Work required - Exactly retype the lines of the material from its first line to the line with "Женское платье Hanfu", including both.

Exercise inputs -
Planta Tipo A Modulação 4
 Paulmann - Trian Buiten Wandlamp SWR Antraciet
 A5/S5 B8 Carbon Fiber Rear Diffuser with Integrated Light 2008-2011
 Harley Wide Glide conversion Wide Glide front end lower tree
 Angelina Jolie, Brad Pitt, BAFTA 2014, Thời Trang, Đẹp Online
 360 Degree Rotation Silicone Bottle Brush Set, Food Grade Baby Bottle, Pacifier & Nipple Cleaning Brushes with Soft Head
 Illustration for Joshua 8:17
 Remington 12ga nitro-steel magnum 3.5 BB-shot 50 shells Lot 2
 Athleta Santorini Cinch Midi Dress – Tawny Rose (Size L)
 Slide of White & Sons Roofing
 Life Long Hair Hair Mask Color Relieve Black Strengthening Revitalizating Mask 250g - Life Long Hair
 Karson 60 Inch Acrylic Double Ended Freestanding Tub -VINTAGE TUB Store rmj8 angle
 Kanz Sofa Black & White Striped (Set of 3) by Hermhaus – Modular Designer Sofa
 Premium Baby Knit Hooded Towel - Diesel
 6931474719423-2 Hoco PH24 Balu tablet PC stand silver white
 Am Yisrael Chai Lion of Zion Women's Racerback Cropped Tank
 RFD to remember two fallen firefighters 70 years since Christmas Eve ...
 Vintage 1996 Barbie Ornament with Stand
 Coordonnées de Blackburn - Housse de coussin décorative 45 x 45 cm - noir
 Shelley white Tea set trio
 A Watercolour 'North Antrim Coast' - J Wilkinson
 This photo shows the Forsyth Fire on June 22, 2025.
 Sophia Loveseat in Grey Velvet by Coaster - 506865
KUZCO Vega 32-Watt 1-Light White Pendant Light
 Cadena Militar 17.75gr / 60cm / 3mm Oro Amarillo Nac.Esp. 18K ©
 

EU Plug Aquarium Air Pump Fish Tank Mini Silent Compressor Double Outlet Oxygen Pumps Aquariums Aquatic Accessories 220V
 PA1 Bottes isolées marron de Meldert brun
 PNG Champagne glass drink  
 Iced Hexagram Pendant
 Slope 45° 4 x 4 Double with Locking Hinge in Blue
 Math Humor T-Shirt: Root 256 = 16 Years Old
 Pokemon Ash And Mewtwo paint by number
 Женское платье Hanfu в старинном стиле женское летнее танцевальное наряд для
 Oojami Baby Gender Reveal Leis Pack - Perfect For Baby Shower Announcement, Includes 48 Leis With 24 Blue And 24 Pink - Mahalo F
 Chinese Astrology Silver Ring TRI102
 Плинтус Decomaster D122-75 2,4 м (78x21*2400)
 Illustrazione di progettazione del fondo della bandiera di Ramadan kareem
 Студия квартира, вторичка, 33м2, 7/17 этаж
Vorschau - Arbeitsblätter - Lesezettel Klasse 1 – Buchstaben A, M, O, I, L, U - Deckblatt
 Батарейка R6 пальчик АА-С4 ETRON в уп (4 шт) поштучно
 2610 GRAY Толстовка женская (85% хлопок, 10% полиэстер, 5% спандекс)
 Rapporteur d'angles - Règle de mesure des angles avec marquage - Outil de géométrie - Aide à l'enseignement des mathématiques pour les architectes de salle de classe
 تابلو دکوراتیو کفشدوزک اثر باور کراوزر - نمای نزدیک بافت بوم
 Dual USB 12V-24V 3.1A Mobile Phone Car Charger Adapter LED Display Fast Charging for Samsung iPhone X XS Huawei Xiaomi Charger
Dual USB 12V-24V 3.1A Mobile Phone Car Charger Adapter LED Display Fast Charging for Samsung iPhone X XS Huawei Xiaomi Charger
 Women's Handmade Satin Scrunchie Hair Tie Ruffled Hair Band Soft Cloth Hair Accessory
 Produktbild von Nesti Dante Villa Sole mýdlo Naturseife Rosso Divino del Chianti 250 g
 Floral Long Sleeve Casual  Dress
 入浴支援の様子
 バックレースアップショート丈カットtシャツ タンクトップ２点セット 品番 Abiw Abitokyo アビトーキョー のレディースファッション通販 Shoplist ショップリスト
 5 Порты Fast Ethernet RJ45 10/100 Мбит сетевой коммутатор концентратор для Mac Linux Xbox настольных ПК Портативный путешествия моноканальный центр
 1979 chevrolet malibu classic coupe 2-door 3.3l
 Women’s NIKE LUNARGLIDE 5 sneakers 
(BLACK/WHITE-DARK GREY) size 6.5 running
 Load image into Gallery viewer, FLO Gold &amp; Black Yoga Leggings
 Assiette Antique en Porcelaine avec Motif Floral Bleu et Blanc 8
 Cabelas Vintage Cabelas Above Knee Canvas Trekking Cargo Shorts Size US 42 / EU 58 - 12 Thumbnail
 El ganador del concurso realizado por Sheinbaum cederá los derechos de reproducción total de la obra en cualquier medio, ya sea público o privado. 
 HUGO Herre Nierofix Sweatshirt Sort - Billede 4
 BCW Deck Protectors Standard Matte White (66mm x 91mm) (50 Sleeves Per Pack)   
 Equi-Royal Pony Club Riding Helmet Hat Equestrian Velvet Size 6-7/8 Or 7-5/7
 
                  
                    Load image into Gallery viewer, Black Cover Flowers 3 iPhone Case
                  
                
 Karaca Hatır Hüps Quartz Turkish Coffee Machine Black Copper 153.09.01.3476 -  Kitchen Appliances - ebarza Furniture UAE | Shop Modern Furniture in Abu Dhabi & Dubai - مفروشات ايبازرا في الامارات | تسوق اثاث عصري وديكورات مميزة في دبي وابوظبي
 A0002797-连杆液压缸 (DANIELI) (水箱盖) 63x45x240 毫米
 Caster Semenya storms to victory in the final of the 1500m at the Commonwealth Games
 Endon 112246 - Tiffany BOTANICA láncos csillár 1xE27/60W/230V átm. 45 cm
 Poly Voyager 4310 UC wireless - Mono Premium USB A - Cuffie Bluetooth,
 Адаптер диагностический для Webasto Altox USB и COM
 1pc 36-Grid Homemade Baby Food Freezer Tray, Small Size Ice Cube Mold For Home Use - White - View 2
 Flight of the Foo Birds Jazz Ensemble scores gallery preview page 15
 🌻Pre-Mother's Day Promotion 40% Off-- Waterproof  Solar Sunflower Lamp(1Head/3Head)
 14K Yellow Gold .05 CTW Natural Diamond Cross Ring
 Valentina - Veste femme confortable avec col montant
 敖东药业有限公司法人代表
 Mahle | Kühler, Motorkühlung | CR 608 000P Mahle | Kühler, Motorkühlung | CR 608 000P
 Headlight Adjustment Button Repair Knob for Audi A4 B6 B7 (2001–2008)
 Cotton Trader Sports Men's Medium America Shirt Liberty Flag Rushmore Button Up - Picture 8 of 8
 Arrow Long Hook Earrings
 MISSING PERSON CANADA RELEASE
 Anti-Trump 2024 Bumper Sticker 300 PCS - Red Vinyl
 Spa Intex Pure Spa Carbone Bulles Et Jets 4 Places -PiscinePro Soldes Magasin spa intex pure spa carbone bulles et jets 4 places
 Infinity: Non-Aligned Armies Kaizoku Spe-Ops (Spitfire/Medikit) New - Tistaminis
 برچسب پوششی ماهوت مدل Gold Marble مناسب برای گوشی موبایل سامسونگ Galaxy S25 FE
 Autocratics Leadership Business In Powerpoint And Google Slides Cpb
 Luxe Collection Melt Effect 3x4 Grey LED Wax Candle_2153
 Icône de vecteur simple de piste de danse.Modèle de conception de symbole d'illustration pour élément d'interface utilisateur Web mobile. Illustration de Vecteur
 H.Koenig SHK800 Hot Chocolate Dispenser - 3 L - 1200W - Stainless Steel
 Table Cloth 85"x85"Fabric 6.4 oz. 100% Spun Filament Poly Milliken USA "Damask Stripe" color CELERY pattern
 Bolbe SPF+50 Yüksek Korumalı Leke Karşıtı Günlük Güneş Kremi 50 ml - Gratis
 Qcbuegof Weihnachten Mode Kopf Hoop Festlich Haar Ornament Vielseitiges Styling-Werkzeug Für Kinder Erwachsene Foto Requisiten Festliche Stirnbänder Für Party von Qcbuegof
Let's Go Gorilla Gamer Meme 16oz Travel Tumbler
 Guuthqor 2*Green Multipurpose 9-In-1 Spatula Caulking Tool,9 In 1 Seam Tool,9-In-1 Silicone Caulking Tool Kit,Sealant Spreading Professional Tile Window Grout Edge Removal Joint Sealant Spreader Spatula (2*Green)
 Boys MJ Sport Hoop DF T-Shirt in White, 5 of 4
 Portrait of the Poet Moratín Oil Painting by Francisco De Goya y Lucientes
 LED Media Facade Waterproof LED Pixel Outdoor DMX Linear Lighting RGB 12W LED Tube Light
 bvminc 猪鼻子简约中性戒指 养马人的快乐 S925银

Result -
Planta Tipo A Modulação 4
 Paulmann - Trian Buiten Wandlamp SWR Antraciet
 A5/S5 B8 Carbon Fiber Rear Diffuser with Integrated Light 2008-2011
 Harley Wide Glide conversion Wide Glide front end lower tree
 Angelina Jolie, Brad Pitt, BAFTA 2014, Thời Trang, Đẹp Online
 360 Degree Rotation Silicone Bottle Brush Set, Food Grade Baby Bottle, Pacifier & Nipple Cleaning Brushes with Soft Head
 Illustration for Joshua 8:17
 Remington 12ga nitro-steel magnum 3.5 BB-shot 50 shells Lot 2
 Athleta Santorini Cinch Midi Dress – Tawny Rose (Size L)
 Slide of White & Sons Roofing
 Life Long Hair Hair Mask Color Relieve Black Strengthening Revitalizating Mask 250g - Life Long Hair
 Karson 60 Inch Acrylic Double Ended Freestanding Tub -VINTAGE TUB Store rmj8 angle
 Kanz Sofa Black & White Striped (Set of 3) by Hermhaus – Modular Designer Sofa
 Premium Baby Knit Hooded Towel - Diesel
 6931474719423-2 Hoco PH24 Balu tablet PC stand silver white
 Am Yisrael Chai Lion of Zion Women's Racerback Cropped Tank
 RFD to remember two fallen firefighters 70 years since Christmas Eve ...
 Vintage 1996 Barbie Ornament with Stand
 Coordonnées de Blackburn - Housse de coussin décorative 45 x 45 cm - noir
 Shelley white Tea set trio
 A Watercolour 'North Antrim Coast' - J Wilkinson
 This photo shows the Forsyth Fire on June 22, 2025.
 Sophia Loveseat in Grey Velvet by Coaster - 506865
KUZCO Vega 32-Watt 1-Light White Pendant Light
 Cadena Militar 17.75gr / 60cm / 3mm Oro Amarillo Nac.Esp. 18K ©
 

EU Plug Aquarium Air Pump Fish Tank Mini Silent Compressor Double Outlet Oxygen Pumps Aquariums Aquatic Accessories 220V
 PA1 Bottes isolées marron de Meldert brun
 PNG Champagne glass drink  
 Iced Hexagram Pendant
 Slope 45° 4 x 4 Double with Locking Hinge in Blue
 Math Humor T-Shirt: Root 256 = 16 Years Old
 Pokemon Ash And Mewtwo paint by number
 Женское платье Hanfu в старинном стиле женское летнее танцевальное наряд для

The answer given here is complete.